Retype every entry below without altering anything.

* Extracted records:
== Segment start ==

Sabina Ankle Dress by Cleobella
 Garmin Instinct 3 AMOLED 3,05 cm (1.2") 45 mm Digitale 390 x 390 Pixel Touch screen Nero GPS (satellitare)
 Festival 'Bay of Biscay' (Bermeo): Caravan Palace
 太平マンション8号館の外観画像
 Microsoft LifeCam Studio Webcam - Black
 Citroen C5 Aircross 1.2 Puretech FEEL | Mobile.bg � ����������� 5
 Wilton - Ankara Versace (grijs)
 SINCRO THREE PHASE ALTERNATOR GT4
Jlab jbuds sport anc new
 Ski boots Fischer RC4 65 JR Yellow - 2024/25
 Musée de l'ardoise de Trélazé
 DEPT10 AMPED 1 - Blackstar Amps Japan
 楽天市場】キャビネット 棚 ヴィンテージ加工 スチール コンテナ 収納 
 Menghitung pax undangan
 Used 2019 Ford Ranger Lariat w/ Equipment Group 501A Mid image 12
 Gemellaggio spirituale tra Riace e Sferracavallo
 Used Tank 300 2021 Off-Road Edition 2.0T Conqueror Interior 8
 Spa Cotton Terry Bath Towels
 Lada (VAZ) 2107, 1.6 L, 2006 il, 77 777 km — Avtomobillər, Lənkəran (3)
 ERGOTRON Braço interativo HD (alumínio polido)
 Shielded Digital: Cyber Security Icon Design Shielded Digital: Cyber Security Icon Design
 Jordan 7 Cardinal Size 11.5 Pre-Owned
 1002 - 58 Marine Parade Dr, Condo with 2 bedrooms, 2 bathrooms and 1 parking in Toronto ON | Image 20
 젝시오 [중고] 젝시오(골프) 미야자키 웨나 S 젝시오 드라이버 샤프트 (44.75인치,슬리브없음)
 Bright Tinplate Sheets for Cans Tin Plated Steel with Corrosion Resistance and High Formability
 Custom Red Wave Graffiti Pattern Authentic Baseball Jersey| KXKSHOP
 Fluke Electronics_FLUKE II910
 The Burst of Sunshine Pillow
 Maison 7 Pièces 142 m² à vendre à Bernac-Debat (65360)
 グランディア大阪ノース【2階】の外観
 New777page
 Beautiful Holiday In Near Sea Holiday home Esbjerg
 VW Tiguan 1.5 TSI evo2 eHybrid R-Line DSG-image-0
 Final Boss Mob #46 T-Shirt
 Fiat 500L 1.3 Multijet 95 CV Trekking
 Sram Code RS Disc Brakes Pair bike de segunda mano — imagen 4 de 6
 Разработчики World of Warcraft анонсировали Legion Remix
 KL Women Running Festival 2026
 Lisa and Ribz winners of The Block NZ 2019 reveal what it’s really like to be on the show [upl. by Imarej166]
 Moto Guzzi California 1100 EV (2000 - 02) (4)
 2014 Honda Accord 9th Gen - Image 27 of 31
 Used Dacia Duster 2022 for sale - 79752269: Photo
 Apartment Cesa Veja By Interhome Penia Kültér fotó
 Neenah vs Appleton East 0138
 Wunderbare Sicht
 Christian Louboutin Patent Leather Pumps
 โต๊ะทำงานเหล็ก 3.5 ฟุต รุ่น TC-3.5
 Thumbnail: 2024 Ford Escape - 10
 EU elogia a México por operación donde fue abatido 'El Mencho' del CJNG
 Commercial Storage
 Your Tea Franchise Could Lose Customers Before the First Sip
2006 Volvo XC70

== Segment end ==

* EXERCISE ANSWER:
Sabina Ankle Dress by Cleobella
 Garmin Instinct 3 AMOLED 3,05 cm (1.2") 45 mm Digitale 390 x 390 Pixel Touch screen Nero GPS (satellitare)
 Festival 'Bay of Biscay' (Bermeo): Caravan Palace
 太平マンション8号館の外観画像
 Microsoft LifeCam Studio Webcam - Black
 Citroen C5 Aircross 1.2 Puretech FEEL | Mobile.bg � ����������� 5
 Wilton - Ankara Versace (grijs)
 SINCRO THREE PHASE ALTERNATOR GT4
Jlab jbuds sport anc new
 Ski boots Fischer RC4 65 JR Yellow - 2024/25
 Musée de l'ardoise de Trélazé
 DEPT10 AMPED 1 - Blackstar Amps Japan
 楽天市場】キャビネット 棚 ヴィンテージ加工 スチール コンテナ 収納 
 Menghitung pax undangan
 Used 2019 Ford Ranger Lariat w/ Equipment Group 501A Mid image 12
 Gemellaggio spirituale tra Riace e Sferracavallo
 Used Tank 300 2021 Off-Road Edition 2.0T Conqueror Interior 8
 Spa Cotton Terry Bath Towels
 Lada (VAZ) 2107, 1.6 L, 2006 il, 77 777 km — Avtomobillər, Lənkəran (3)
 ERGOTRON Braço interativo HD (alumínio polido)
 Shielded Digital: Cyber Security Icon Design Shielded Digital: Cyber Security Icon Design
 Jordan 7 Cardinal Size 11.5 Pre-Owned
 1002 - 58 Marine Parade Dr, Condo with 2 bedrooms, 2 bathrooms and 1 parking in Toronto ON | Image 20
 젝시오 [중고] 젝시오(골프) 미야자키 웨나 S 젝시오 드라이버 샤프트 (44.75인치,슬리브없음)
 Bright Tinplate Sheets for Cans Tin Plated Steel with Corrosion Resistance and High Formability
 Custom Red Wave Graffiti Pattern Authentic Baseball Jersey| KXKSHOP
 Fluke Electronics_FLUKE II910
 The Burst of Sunshine Pillow
 Maison 7 Pièces 142 m² à vendre à Bernac-Debat (65360)
 グランディア大阪ノース【2階】の外観
 New777page
 Beautiful Holiday In Near Sea Holiday home Esbjerg
 VW Tiguan 1.5 TSI evo2 eHybrid R-Line DSG-image-0
 Final Boss Mob #46 T-Shirt
 Fiat 500L 1.3 Multijet 95 CV Trekking
 Sram Code RS Disc Brakes Pair bike de segunda mano — imagen 4 de 6
 Разработчики World of Warcraft анонсировали Legion Remix
 KL Women Running Festival 2026
 Lisa and Ribz winners of The Block NZ 2019 reveal what it’s really like to be on the show [upl. by Imarej166]
 Moto Guzzi California 1100 EV (2000 - 02) (4)
 2014 Honda Accord 9th Gen - Image 27 of 31
 Used Dacia Duster 2022 for sale - 79752269: Photo
 Apartment Cesa Veja By Interhome Penia Kültér fotó
 Neenah vs Appleton East 0138
 Wunderbare Sicht
 Christian Louboutin Patent Leather Pumps
 โต๊ะทำงานเหล็ก 3.5 ฟุต รุ่น TC-3.5
 Thumbnail: 2024 Ford Escape - 10
 EU elogia a México por operación donde fue abatido 'El Mencho' del CJNG
 Commercial Storage
 Your Tea Franchise Could Lose Customers Before the First Sip
2006 Volvo XC70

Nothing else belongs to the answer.